Helix Management System to the Rescue
---

That's a lot of complexity to manage!  Fear not!  The Helix Server and the Server Deployment Package (SDP) are already for this purpose in custom.  The Helix Management System evolves and codifies manual practices currently used by Perforce Consultants to help customers manage sophisticated enterprise environments.

HMS Goals
---

Simply put:  Routine Helix administration tasks should be consistent and simple.

HMS will help with:

* **Knowing What you Have** - Knowing what components and what versions of all the various Helix components exist in your topology.  HMS v1.0 will not do form of automated *discovery* of the topology, but will provide a well defined way of *defining* and tracking all components in use, where they are, and various details of how they are configured.
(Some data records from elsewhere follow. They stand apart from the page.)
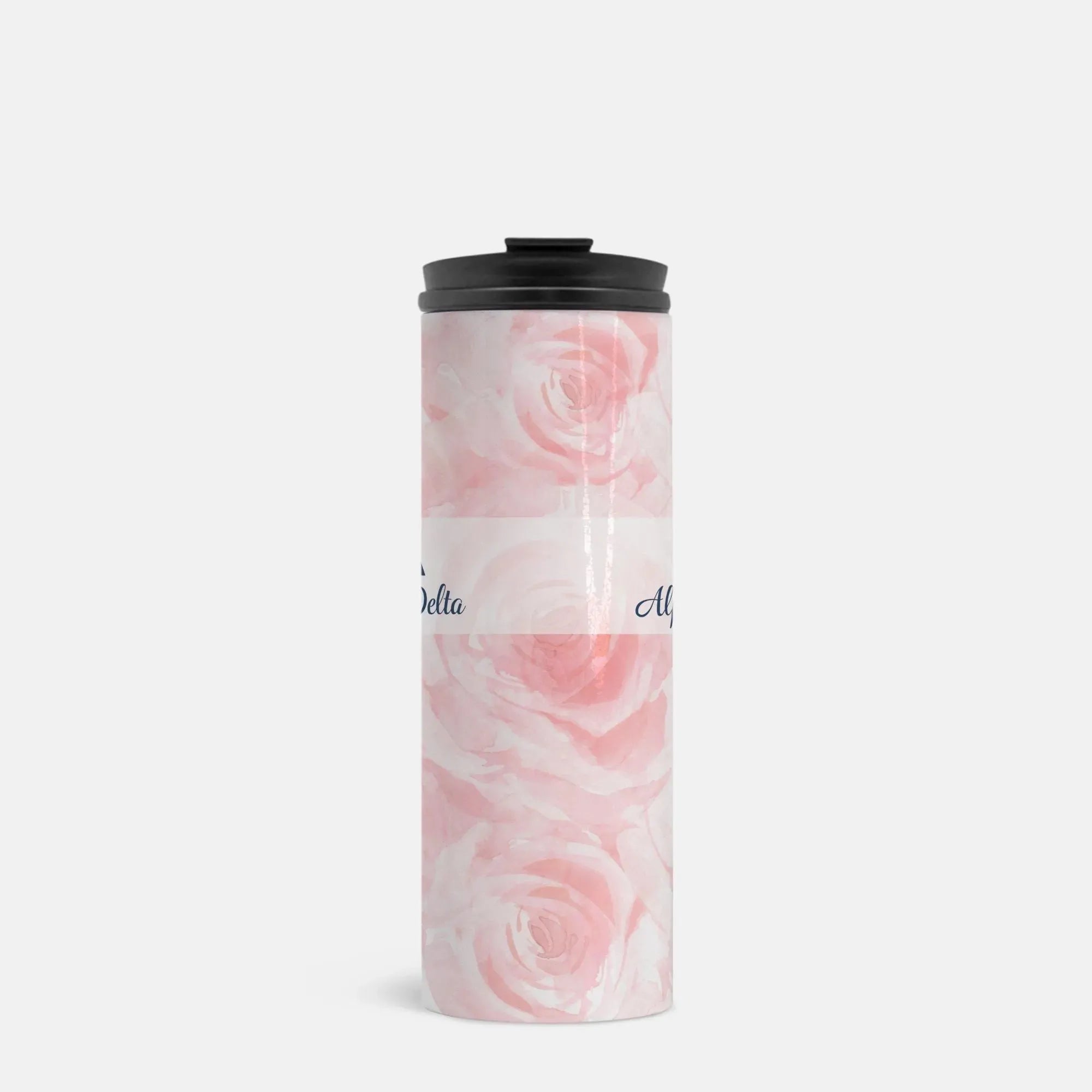 Alpha Xi Delta Thermal Tumber Rose Pattern - 16 oz. Drinkware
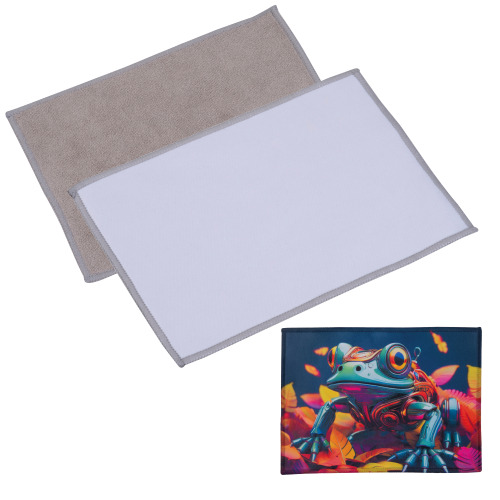 Gruba ściereczka czyszcząca 400 g/m2 do sublimacji MELINDA Biały 7543806 (7)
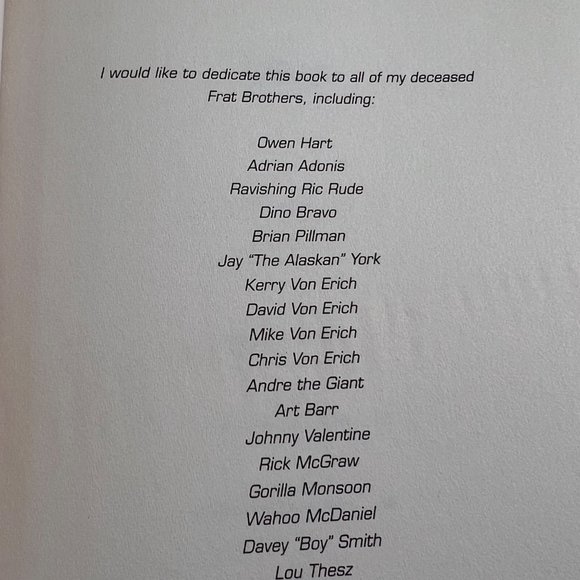 In the Pit with Piper Rowdy Roddy Piper Biography Paperback Book New - Picture 3 of 12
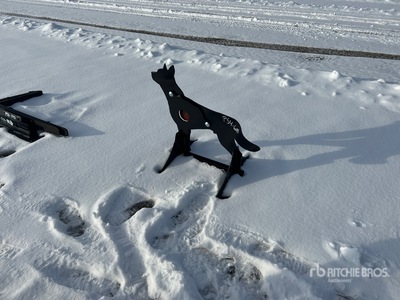 2025 Kit Containers AR500ATCOYOTE Steel Shooting Target その他 - 店舗 & 倉庫 (Unused)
* **Consistent Start/Stop/Status** - Managing various Helix Server instances in your environment, including system start, stop, and "Down for Maintenance" modes.  The mechanical steps to start and stop a Helix Server can vary, based (for example) on whether or not a broker is in place for that instance, whether or not SSL is enabled, etc. HMS abstracts those details to get it down to Start/Stop/Status.

* **Health Status Ping** - For each Helix topology component, we'll quickly see if it is running or not for v1.0.  (Later, this may expand to include aspects of health monitoring, going beyond mere up/down status).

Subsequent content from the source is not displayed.